▶ Your goal
An exact repetition of the data below, without images, is the expected answer.

▶ Data excerpt
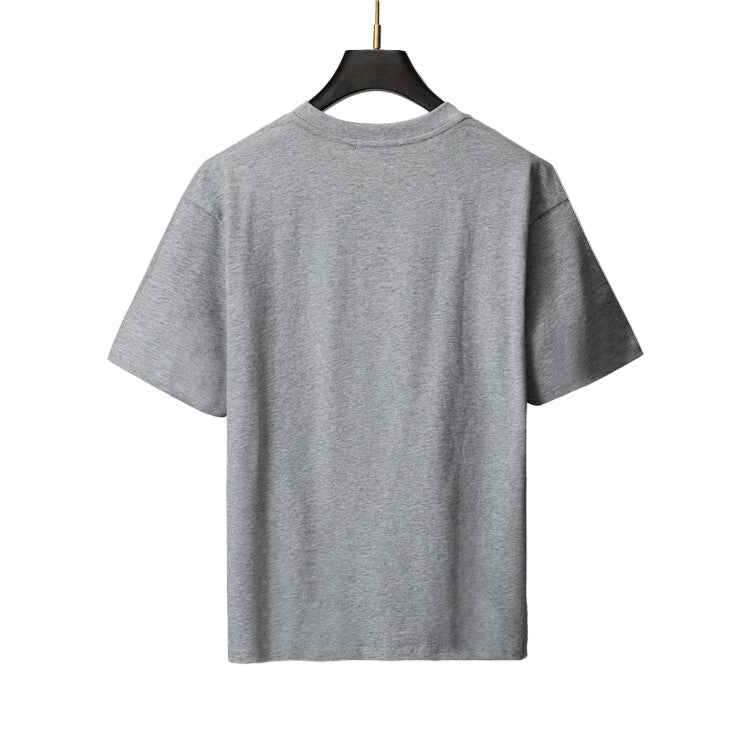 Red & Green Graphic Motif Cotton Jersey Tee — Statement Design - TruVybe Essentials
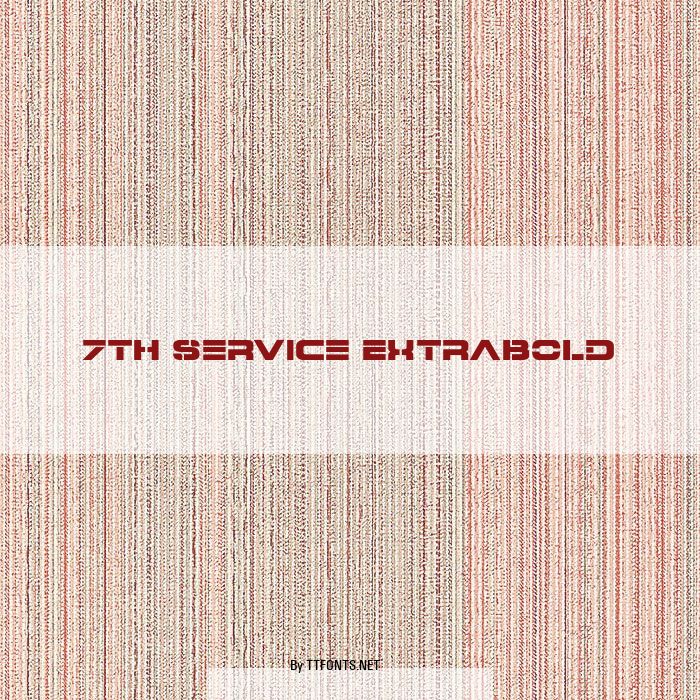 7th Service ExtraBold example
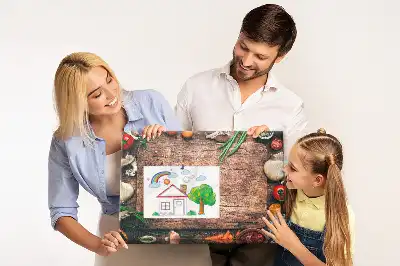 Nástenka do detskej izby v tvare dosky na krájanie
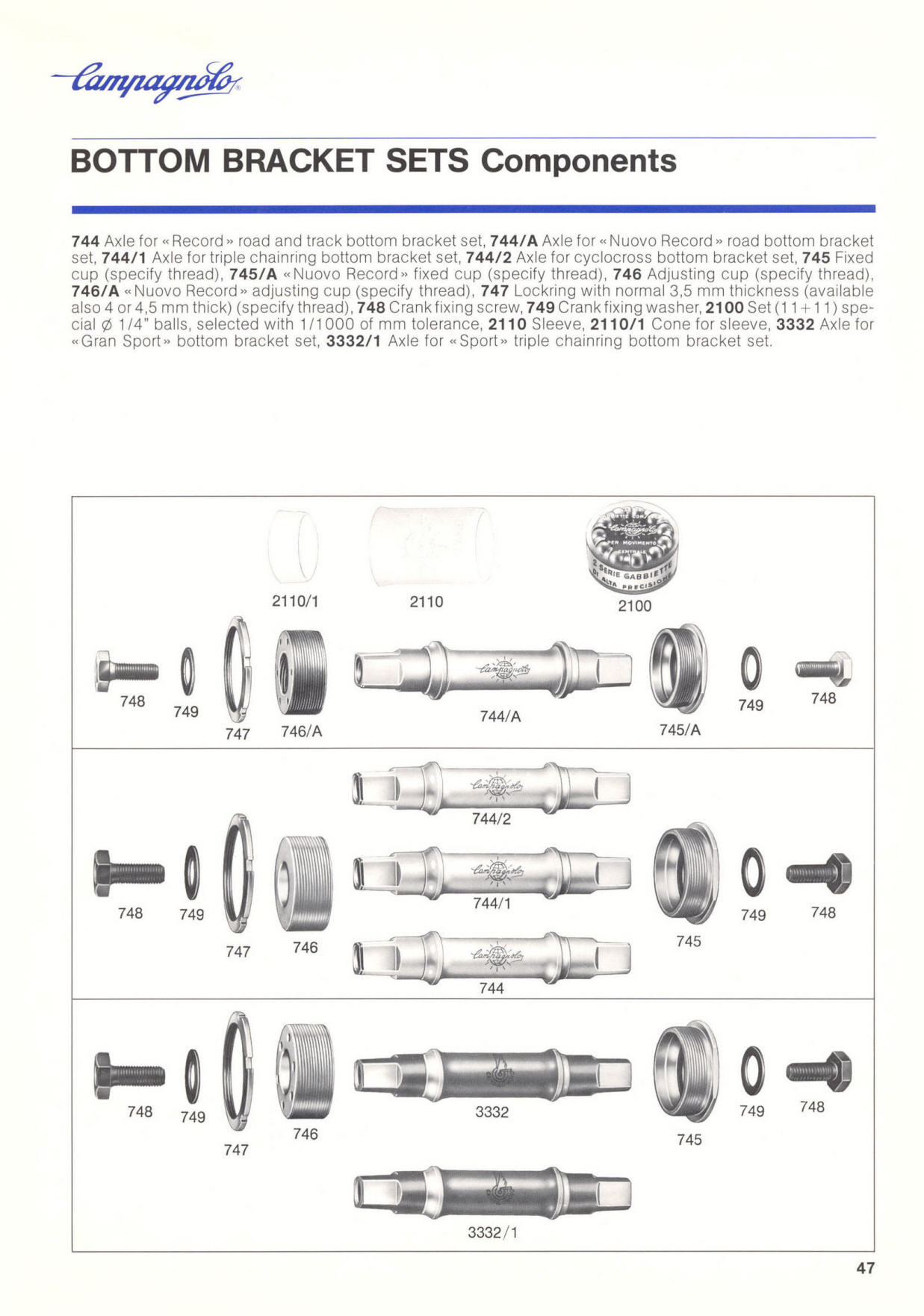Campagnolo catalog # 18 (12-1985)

▶ Exercise output
 Red & Green Graphic Motif Cotton Jersey Tee — Statement Design - TruVybe Essentials
 7th Service ExtraBold example
 Nástenka do detskej izby v tvare dosky na krájanie
Campagnolo catalog # 18 (12-1985)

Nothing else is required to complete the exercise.